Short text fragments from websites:
╔══
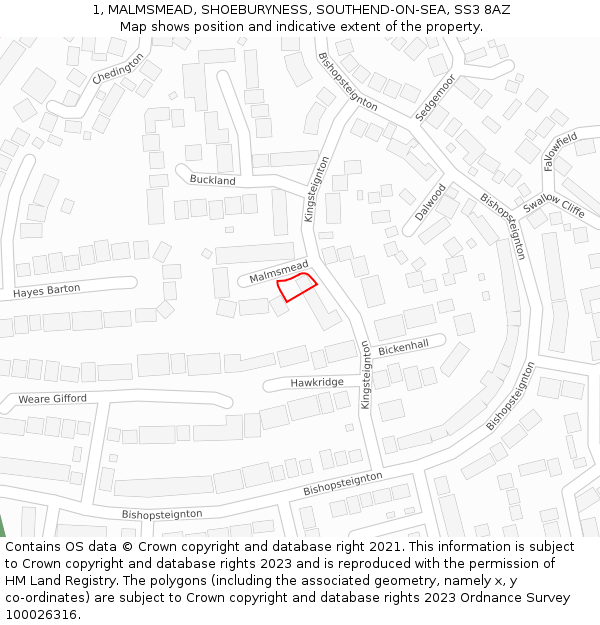 1, MALMSMEAD, SHOEBURYNESS, SOUTHEND-ON-SEA, SS3 8AZ: Location map and indicative extent of plot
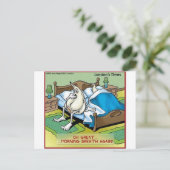 Morning Garlic Breath Funny Offbeat Cartoon Gifts Briefkaart (Staand voorkant)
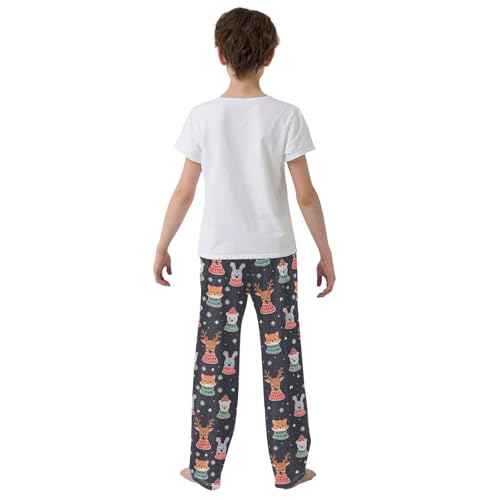 Winter Fox Bunny Boys Long Pants Soft Trousers Elastic Waist Kids Lounge Bottoms with Pockets S-XL3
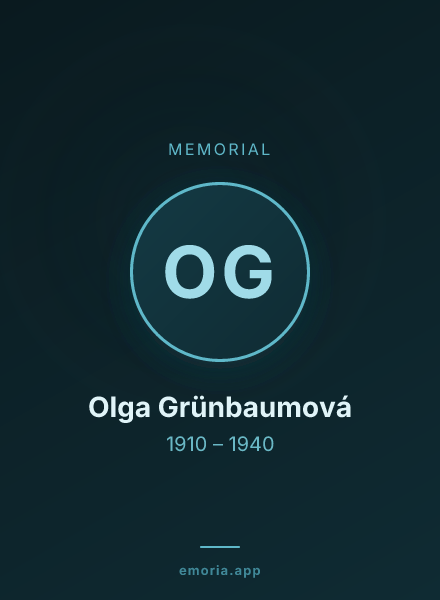 Memorial portrait of Olga Grünbaumová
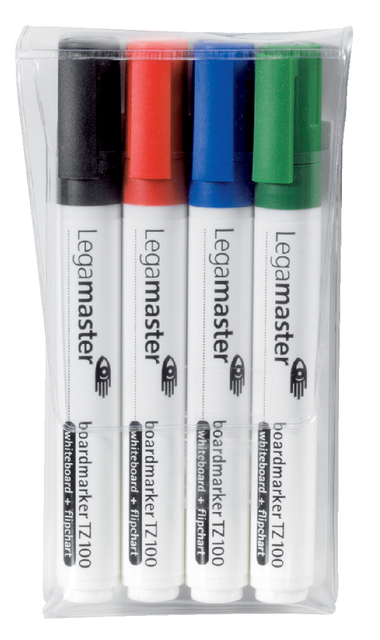 Viltstift Legamaster TZ 100 whiteboard rond 1.5-3mm assorti pak à 4 stuks afbeelding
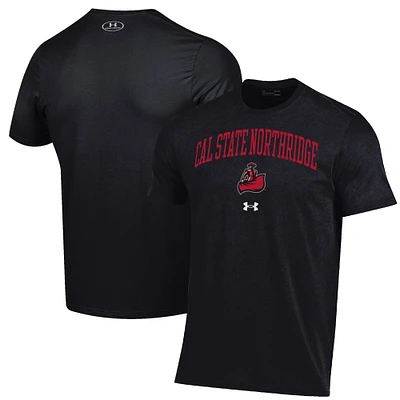 Men's Under Armour Black Cal State Northridge Matadors Arch Over Performance T-Shirt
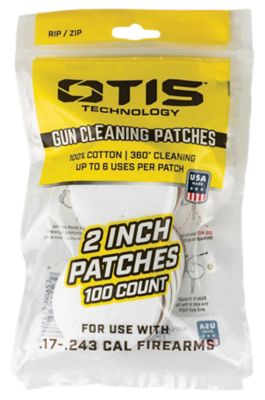 Otis .17/.22 Caliber Rimfire Pistol/Rifle Small Caliber Cotton Cleaning Patches, 100 pc.
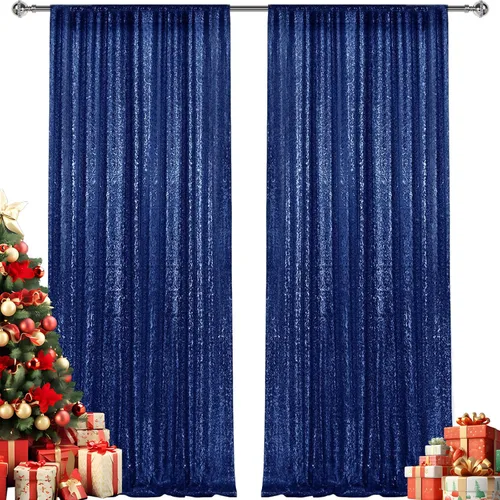 Vista 65 de 2 paneles de cortinas de fondo de lentejuelas verdes de 8 pies, cortinas de fondo de fotografía con purpurina para decoración de Navidad, boda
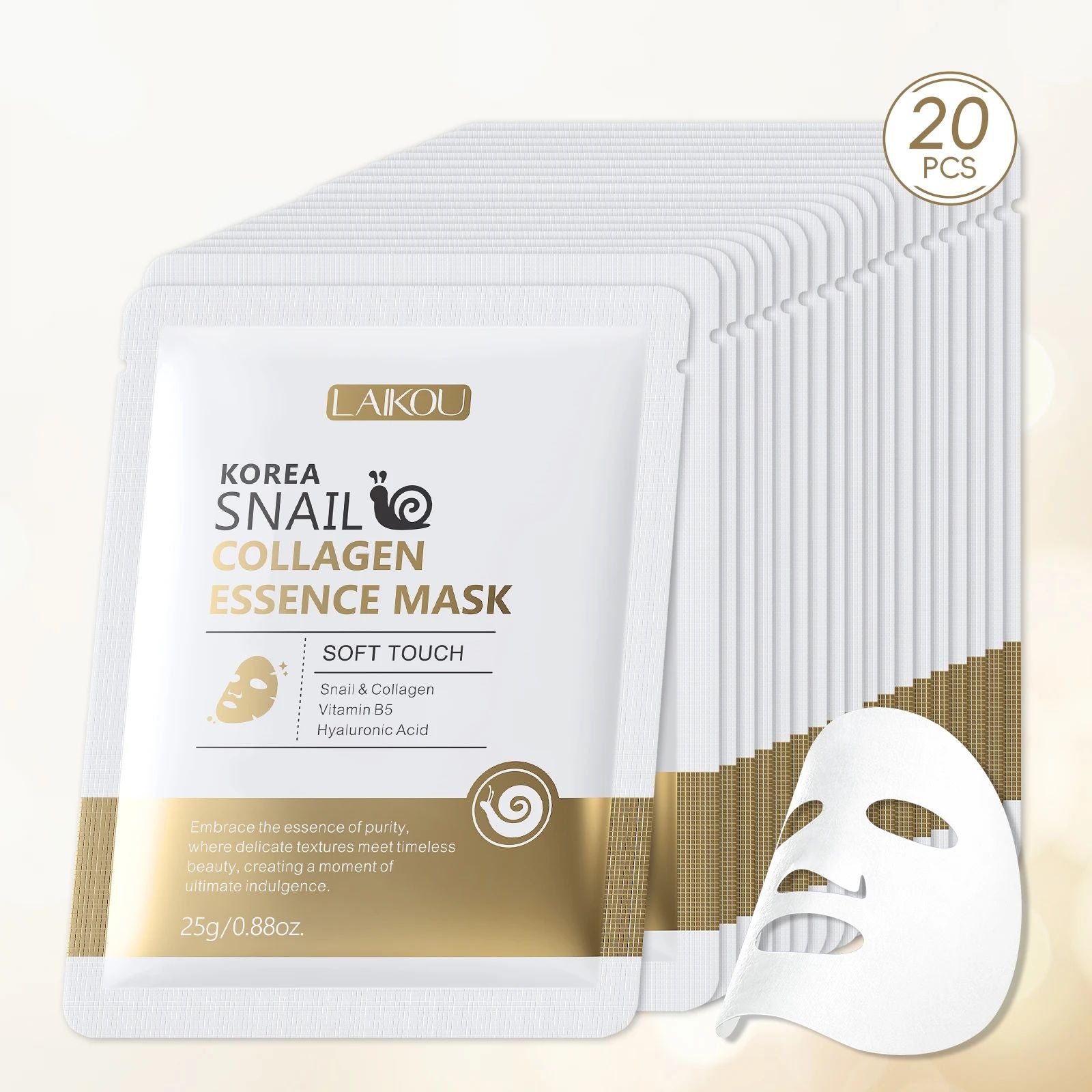 LAIKOU Korea Collagen and Snail Essence Hydrating Sheet Mask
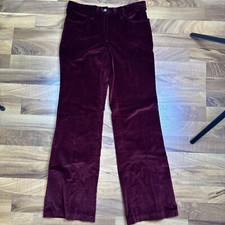 Vintage Sears Jr Bazaar Velvet Pants Dark Red Wide Leg Size 7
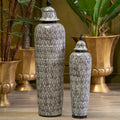 Orsina Punto Large Ceramic Jar – Black and White Monochrome Decor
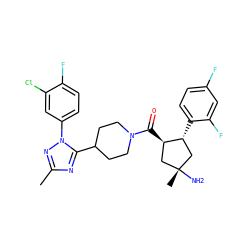 Cc1nc(C2CCN(C(=O)[C@@H]3C[C@@](C)(N)C[C@H]3c3ccc(F)cc3F)CC2)n(-c2ccc(F)c(Cl)c2)n1 ZINC000084759515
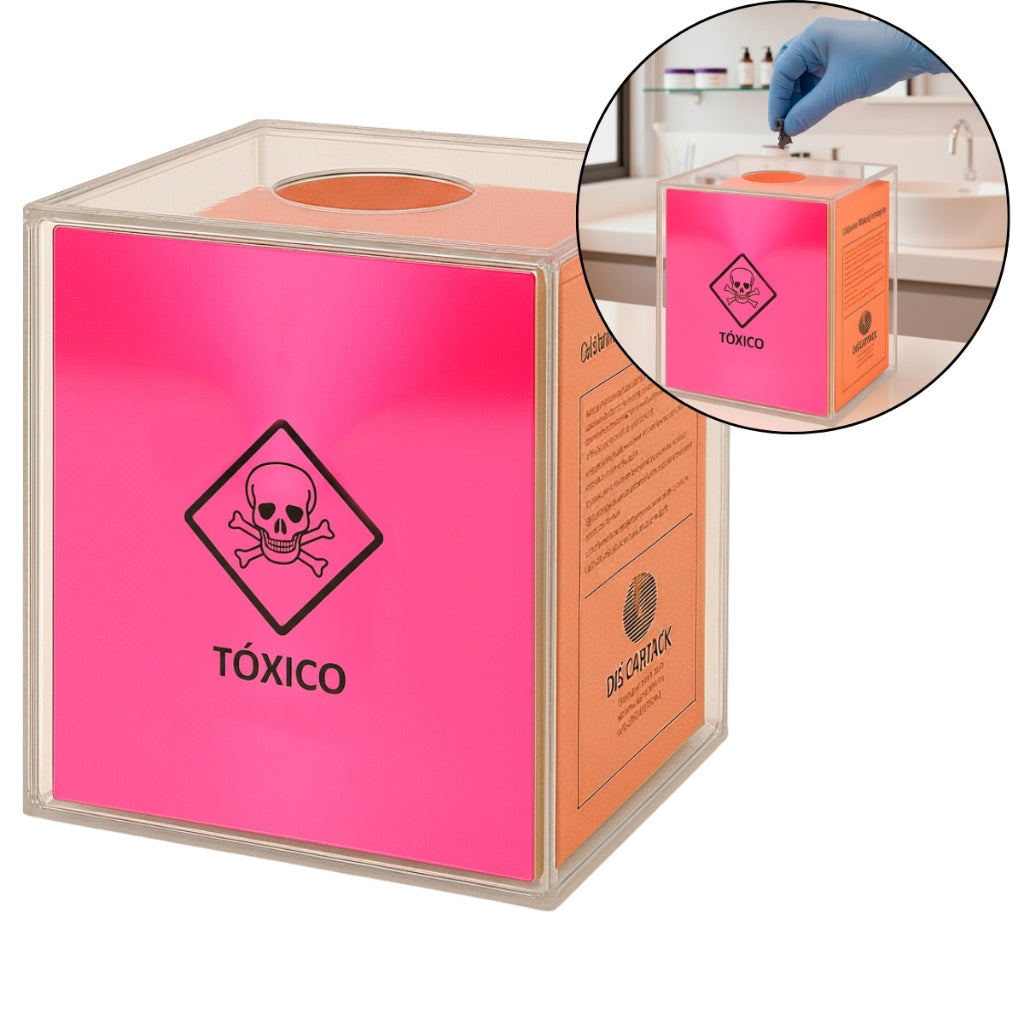 Suporte Caixa Coletora Descarpack 7L Parede Mesa Balcão Resíduos Tóxico Descarte Biológicos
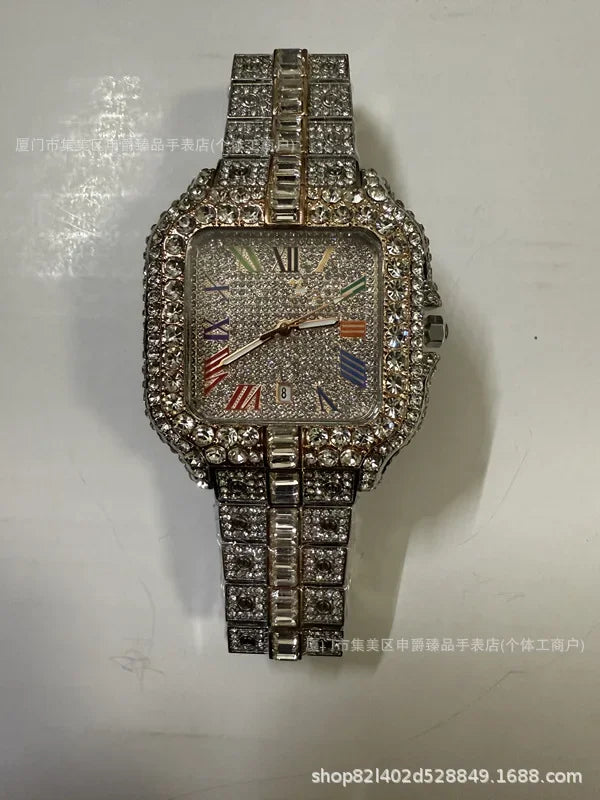 Luxury Iced-Out Square Men’s Watch. Diamond Style Fashion Timepiece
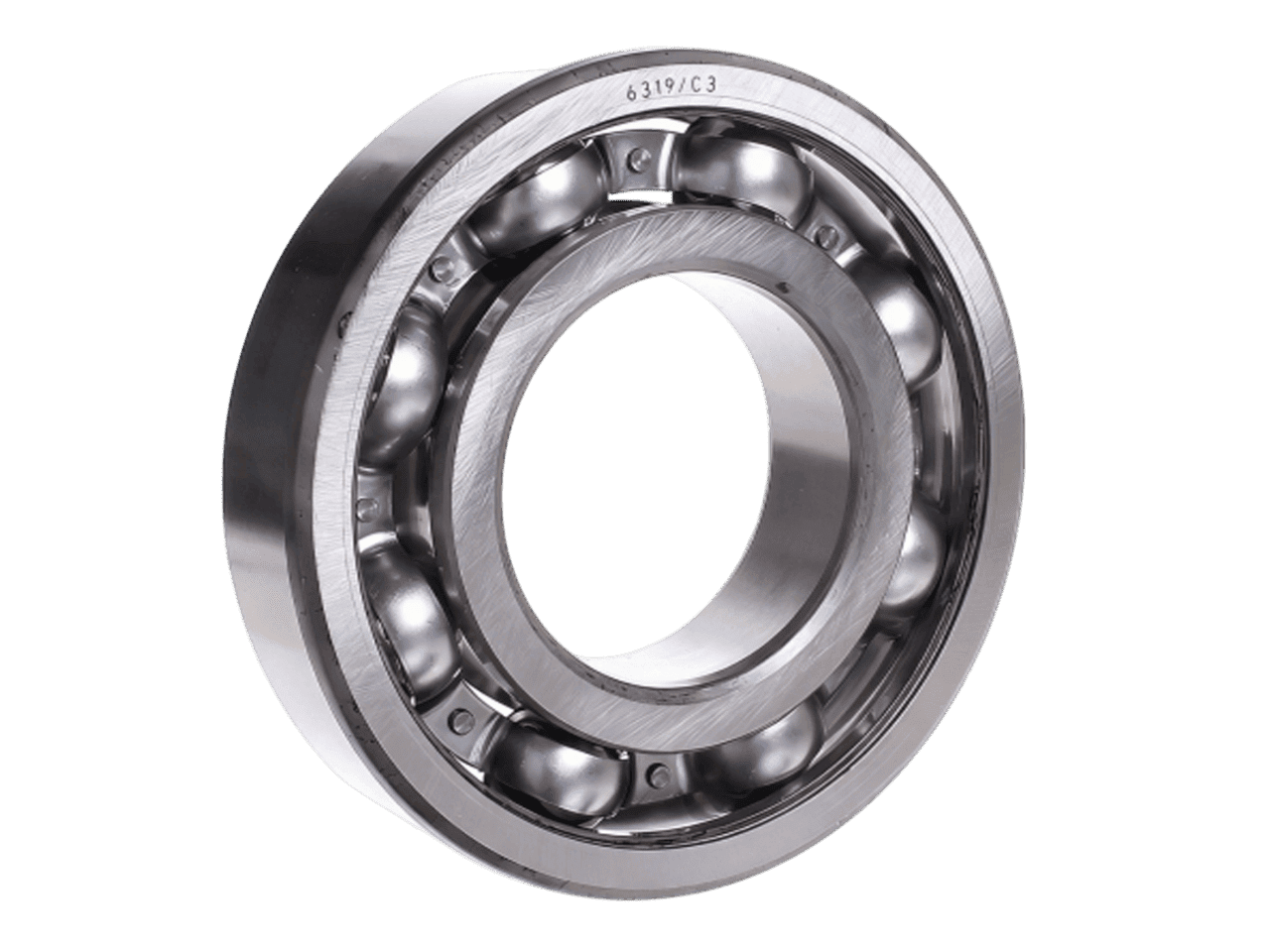6319 Open Type Deep Groove Ball Bearing showing Large Diameter Steel Balls and Robust Chrome Steel Raceways for Industrial Loads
╚══
§ WORK INSTRUCTION:
Look above for the line with "Morning Garlic Breath", then give again exactly every line from there through the line with "Men's Under Armour", skipping the pictures.

§ ANSWER TO THE EXERCISE:
 Morning Garlic Breath Funny Offbeat Cartoon Gifts Briefkaart (Staand voorkant)
 Winter Fox Bunny Boys Long Pants Soft Trousers Elastic Waist Kids Lounge Bottoms with Pockets S-XL3
 Memorial portrait of Olga Grünbaumová
 Viltstift Legamaster TZ 100 whiteboard rond 1.5-3mm assorti pak à 4 stuks afbeelding
 Men's Under Armour Black Cal State Northridge Matadors Arch Over Performance T-Shirt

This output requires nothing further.